Innovar en producto, en procesos, en identificación de mercados y segmentos de clientes, en comercialización.., lo que avala un concepto que reitero con frecuencia en mis artículos: incluso en este mundo global -sobre todo en este mundo global- las personas son realmente el primer activo de las organizaciones, los pilares sobre los que podemos construir ventajas competitivas sostenibles puesto que forman parte principal de los que podríamos considerar elementos no copiables en el ámbito empresarial. Las personas asociadas a capacidad, compromiso, equipo.

En alguna ocasión, sobre todo en tiempos de crisis, hemos visto a empresarios o directivos que no han entendido correctamente su función, tomar decisiones de ajuste drástico en los programas de formación interna, con la justificación de que la formación es un coste para la empresa que es necesario reducir. La respuesta a este planteamiento la hemos oído también muchas veces: «Si no estás de acuerdo con la formación, prueba con la ignorancia a ver cómo le va a la empresa».

Y es que la velocidad de los cambios exige mantener plantillas muy preparadas, comprometidas, trabajando en equipo para mejorar la capacidad de competir de nuestra empresa, identificando nuevas necesidades de los clientes actuales o potenciales y planteando soluciones a las mismas con nuestra actividad empresarial. Esto es, innovando con las aportaciones de todos.

Pero la innovación no va, en general, de ideas geniales puntuales, sino de trabajo sistemático comprometido con la mejora continua de toda la compañía. Y no es tanto la idea genial como su concreción y aplicación para resolver problemas, necesidades o expectativas de los clientes a los que nos dirigimos. Algo similar ocurre con la estrategia; probablemente es más fácil definirla que aplicarla.
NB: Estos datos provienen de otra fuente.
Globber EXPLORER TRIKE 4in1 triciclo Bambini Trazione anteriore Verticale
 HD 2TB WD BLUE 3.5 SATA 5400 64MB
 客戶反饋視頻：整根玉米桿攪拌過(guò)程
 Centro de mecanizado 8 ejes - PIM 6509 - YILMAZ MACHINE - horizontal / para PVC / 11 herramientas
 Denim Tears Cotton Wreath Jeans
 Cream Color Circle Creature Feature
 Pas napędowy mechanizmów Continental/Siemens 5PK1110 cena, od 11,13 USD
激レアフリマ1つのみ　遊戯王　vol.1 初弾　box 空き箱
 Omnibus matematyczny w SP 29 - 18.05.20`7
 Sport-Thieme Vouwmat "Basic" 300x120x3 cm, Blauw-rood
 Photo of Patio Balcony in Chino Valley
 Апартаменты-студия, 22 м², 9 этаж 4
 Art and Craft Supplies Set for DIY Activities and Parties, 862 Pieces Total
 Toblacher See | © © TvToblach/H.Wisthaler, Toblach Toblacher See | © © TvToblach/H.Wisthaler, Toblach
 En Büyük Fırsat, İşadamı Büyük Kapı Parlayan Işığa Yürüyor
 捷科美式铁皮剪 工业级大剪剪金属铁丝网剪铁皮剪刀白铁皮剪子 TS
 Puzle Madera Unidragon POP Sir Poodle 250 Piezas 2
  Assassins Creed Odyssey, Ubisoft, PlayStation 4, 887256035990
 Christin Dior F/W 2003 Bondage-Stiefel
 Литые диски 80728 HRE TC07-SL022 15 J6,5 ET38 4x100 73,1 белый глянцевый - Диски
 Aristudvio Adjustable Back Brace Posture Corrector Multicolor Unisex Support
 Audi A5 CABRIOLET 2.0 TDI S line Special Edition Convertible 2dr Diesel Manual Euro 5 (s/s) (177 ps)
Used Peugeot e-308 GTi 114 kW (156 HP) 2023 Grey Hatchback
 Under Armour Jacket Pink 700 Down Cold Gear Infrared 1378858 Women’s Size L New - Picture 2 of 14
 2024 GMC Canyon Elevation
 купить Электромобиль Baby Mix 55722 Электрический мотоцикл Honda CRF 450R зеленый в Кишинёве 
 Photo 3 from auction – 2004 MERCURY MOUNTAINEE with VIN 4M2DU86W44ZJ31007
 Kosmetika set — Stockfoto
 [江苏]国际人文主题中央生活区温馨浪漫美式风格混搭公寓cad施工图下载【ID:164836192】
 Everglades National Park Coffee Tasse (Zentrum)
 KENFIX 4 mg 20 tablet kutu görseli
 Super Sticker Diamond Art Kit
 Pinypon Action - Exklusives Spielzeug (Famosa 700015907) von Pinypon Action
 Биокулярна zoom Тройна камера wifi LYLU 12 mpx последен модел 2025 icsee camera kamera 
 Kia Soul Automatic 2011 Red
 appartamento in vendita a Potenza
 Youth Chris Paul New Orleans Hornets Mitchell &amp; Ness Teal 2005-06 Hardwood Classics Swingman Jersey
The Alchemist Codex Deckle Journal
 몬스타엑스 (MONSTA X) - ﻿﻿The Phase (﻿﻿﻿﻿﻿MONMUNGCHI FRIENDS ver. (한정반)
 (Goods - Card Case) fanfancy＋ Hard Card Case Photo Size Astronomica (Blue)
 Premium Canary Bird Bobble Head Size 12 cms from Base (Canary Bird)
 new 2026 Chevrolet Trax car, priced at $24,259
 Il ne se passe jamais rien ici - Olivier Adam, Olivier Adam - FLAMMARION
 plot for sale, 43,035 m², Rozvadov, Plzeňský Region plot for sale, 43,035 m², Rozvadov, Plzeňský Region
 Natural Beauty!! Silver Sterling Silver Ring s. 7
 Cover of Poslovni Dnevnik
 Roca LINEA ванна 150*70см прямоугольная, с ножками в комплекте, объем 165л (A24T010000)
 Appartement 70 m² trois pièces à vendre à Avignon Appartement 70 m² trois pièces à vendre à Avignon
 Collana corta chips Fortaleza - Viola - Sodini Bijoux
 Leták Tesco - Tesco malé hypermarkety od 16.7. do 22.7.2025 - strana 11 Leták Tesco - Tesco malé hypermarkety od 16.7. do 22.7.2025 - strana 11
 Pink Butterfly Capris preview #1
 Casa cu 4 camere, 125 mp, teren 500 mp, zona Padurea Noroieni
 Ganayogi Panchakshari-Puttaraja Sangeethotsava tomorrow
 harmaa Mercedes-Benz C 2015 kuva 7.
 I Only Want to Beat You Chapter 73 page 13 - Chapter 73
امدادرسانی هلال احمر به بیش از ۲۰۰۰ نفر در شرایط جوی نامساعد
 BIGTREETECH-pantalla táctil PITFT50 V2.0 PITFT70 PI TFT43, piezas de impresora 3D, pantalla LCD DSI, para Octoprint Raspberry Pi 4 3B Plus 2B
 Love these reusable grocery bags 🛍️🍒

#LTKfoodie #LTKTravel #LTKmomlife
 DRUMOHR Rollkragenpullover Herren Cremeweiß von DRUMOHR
La definición aún corresponde, en general a la alta dirección de las compañías; su aplicación implica a toda la empresa y ahí está el verdadero reto.

Para que la innovación se produzca de manera sistemática, forme parte de la cultura de la empresa, necesitamos empleados cada día más preparados, mejor formados, más comprometidos con el éxito conjunto de la compañía, dispuestos a asumir el cambio como el modelo nuevo de gestión que deben incorporar todas las sociedades. Y eso exige formación continua, competencia técnica, como un compromiso compartido por la empresa y los trabajadores. La empresa aportando los recursos, la focalización y los compañeros necesarios para esa formación; y el empleado su capacidad, su interés, en muchas ocasiones su tiempo, para progresar profesionalmente (también aquí resulta de aplicación aquella sentencia de Alicia en el País de las Maravillas: si quieres permanecer donde estás, deberás correr con todas tus fuerzas y si quieres avanzar, deberás correr aún más).

Porque innovar, como decía, es fundamental para mantenernos en el mercado, y la innovación exige cualificación, competencia técnica. Sin la competencia técnica, como apunta el título de esta columna, solo hay ocurrencias y con esas no avanzamos.